Since we are already experienced in all of this, now might be a good a time as any to mix up some flour with water and wait for it to come to life. It could be a beginning of a story told years, perhaps decades from now, by our kids: a tale of a sourdough culture handed down by a mother or father weirdly obsessed with baking the old-fashioned way.
The word sourdough is in parenthesis because there will be nothing “sourdoughish” about the taste of your dessert. The acids will be consumed in reaction with the baking soda. The texture and taste will say “cake” not “bread”. You can use or omit the word sourdough in the name, based on your audience. Use it, if you think the potential consumers will appreciate the unusual ingredient. Don’t call it sourdough if you are baking for not-very-adventurous eaters–they will never know…
You will need a mature sourdough starter for this project. Recipes are available online.
For the sourdough:
¼ cup sourdough starter
¾ cups all-purpose flour
The sourdough should be of a consistency of pancake batter
Mix the sourdough culture with flour and water the night before baking. Cover it loosely and keep at room temperature overnight.
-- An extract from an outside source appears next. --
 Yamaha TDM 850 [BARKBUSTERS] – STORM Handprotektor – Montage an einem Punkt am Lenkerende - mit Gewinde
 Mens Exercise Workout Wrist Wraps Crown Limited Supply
For the Chocolate-Walnut Squares
¾ cups sugar, plus 1 tablespoon for sprinkling
1/3 canola, safflower or coconut oil
1 teaspoon vanilla extract
5 ounces semi-sweet chocolate, melted and cooled
1 ½ cups all-purpose flour
½ teaspoon baking soda
¼ teaspoon salt
1 cup sourdough from the previous night
½ cup chopped walnuts
Preheat the oven to 350-degrees. Combine sugar, eggs, oil, vanilla, and melted chocolate. Sift dry ingredients together and add to the wet mixture. Gently stir in the sourdough. Put into a greased and floured 8” x 6” baking pan. Sprinkle with walnuts and sugar. Bake for 30-35 minutes. Cool and cut into squares.